Week 4: Importing and Cleaning Data

2025-06-20

Welcome to Week 4

Theme: Importing and Cleaning Data

This week combines:

Loading raw data from different sources
Cleaning and preparing it for analysis

This is the real world part of data science — messy, essential, and very hands-on!

Why This Matters

“Without clean data, or clean enough data, your data science is worthless.” — Michael Stonebraker, adjunct professor, MIT
You need clean, structured data to:

Avoid wrong conclusions
Work with machine learning tools
Build reproducible workflows

Sources of Data

Most common surces of data we work with:

.csv, .xlsx (Excel), .json
Databases (SQL, SQLite)
APIs
Web scraping

For this programme, we focuses on CSV and Excel.

Tools We’ll Use

We will use pandas:

Importing datesets
Cleaning datasets
Analysing tabular data

we’ll use Jupyter Notebooks or VS Code to run your scripts.

The Import Process

With pandas, importing is simple:

import pandas as pd

df = pd.read_csv("data/sales.csv")

For Excel files:

df = pd.read_excel("data/finance.xlsx")

After loading, inspect with:

df.head()
df.info()

What is “Dirty” Data?

Common problems include:

Missing values
Inconsistent formats (e.g. dates, case)
Duplicates
Wrong data types
Outliers

Cleaning = fixing or removing these issues.
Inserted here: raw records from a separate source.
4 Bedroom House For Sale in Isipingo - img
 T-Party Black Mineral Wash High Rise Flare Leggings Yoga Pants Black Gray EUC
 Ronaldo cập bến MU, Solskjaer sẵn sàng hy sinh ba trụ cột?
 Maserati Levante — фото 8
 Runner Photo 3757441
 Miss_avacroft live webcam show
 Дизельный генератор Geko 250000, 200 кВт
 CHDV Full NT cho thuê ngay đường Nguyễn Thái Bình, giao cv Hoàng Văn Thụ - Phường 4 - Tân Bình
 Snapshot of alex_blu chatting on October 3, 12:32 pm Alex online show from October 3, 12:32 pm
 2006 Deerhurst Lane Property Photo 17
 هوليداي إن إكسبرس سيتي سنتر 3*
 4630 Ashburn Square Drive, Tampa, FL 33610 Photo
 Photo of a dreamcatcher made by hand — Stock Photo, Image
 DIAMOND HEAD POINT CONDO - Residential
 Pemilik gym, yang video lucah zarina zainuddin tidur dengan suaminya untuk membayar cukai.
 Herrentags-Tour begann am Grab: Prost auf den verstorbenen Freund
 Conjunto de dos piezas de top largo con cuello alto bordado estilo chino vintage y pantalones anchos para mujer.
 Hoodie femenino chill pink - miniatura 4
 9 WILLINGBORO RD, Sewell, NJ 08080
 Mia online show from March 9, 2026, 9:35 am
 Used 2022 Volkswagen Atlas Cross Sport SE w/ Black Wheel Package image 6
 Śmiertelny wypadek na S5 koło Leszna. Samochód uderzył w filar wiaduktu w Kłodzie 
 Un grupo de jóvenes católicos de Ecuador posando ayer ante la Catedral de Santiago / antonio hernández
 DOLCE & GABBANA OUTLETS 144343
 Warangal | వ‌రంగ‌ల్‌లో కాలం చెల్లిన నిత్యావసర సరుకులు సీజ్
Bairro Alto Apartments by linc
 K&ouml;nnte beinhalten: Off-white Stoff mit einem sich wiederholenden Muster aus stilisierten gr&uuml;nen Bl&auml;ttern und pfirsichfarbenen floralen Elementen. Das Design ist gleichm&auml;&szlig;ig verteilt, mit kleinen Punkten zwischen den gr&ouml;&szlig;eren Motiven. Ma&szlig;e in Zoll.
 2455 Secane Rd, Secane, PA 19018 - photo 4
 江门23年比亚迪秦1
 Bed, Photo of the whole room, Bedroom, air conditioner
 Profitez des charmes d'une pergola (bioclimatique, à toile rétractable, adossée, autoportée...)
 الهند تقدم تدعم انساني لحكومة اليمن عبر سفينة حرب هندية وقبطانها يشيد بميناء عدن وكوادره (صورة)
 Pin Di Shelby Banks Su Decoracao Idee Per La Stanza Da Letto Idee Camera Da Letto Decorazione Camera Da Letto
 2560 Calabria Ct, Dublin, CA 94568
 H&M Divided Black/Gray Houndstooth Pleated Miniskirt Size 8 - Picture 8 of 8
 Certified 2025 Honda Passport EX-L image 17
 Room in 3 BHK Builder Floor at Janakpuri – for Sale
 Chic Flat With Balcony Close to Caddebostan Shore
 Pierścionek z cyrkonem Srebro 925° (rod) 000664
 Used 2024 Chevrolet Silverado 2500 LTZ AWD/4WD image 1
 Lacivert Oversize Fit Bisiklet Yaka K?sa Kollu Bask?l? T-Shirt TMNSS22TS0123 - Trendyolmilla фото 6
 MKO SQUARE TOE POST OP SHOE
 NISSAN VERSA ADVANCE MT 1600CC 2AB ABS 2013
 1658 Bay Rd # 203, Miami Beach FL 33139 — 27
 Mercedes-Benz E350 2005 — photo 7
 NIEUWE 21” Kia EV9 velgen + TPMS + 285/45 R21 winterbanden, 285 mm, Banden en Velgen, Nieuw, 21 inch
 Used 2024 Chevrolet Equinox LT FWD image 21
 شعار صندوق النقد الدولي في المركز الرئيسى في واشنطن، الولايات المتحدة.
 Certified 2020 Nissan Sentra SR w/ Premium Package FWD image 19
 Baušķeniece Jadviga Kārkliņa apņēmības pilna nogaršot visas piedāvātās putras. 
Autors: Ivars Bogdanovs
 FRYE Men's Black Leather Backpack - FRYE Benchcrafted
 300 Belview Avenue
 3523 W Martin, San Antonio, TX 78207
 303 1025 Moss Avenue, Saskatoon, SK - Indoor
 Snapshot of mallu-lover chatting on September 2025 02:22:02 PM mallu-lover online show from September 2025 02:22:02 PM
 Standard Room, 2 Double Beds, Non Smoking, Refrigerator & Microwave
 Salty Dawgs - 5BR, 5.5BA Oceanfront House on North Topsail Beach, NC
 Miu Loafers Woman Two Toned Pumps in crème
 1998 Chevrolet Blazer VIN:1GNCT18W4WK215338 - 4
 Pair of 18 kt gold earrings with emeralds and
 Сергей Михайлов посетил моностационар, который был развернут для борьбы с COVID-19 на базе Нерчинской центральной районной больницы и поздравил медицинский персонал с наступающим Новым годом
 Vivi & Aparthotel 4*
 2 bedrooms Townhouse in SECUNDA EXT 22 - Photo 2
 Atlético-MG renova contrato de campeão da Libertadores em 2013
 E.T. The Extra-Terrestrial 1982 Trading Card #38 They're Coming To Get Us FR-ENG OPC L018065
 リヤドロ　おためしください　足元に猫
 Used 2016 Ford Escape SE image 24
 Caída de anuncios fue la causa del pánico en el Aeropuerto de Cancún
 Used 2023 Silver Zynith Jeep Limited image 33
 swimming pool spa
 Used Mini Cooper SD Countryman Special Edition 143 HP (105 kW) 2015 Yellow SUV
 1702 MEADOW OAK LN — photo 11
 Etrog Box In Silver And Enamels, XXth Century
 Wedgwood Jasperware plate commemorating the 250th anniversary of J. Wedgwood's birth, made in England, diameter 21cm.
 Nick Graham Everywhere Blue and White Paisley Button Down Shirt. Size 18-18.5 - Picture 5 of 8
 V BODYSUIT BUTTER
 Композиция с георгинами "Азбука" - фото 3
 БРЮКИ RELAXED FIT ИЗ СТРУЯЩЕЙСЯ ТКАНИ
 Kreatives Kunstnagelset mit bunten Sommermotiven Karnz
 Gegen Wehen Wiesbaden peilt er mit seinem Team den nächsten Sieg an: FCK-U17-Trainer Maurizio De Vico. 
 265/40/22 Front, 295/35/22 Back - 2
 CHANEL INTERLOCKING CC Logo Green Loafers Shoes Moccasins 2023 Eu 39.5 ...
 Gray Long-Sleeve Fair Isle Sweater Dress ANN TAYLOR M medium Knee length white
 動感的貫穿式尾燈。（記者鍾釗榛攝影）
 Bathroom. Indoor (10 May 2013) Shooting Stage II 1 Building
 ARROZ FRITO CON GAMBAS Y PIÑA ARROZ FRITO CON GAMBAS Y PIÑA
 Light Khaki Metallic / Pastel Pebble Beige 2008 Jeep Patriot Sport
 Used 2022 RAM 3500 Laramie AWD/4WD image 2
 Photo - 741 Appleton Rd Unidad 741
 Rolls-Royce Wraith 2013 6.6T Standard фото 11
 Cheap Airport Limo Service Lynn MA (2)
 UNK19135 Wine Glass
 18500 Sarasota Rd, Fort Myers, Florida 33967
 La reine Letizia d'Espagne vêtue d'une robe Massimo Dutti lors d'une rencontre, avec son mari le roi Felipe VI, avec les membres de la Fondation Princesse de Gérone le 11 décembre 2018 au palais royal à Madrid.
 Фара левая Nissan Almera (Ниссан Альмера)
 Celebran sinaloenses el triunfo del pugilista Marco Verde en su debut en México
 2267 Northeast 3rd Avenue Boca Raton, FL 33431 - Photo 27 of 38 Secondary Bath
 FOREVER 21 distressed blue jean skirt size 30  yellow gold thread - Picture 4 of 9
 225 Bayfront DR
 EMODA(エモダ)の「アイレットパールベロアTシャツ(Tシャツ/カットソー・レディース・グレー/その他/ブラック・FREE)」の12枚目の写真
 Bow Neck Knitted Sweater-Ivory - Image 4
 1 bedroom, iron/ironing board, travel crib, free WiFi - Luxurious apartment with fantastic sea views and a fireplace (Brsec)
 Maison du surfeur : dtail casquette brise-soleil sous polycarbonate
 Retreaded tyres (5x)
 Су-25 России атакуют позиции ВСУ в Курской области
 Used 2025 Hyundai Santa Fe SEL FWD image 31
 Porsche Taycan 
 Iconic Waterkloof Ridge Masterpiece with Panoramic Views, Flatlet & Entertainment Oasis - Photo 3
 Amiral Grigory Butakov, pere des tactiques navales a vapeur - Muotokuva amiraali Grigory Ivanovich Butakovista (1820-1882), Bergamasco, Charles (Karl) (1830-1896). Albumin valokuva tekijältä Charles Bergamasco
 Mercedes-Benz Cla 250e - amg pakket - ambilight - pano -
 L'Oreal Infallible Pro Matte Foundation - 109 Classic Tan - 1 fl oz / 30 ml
Common Cleaning Techniques

Examples:

# Remove missing rows
df.dropna() 
# Fill missing values                
df.fillna(0)        
# Fix dates        
df['Date'] = pd.to_datetime(df['Date'])  
# Remove duplicates
df.drop_duplicates()

We’ll go deeper into these in the notebook.

Real-Life Example

You receive a spreadsheet with patient data:

Names in UPPERCASE
Dates in text format
Some rows are empty
Income listed as text like “£45,000”

Our job: Make it usable for analysis.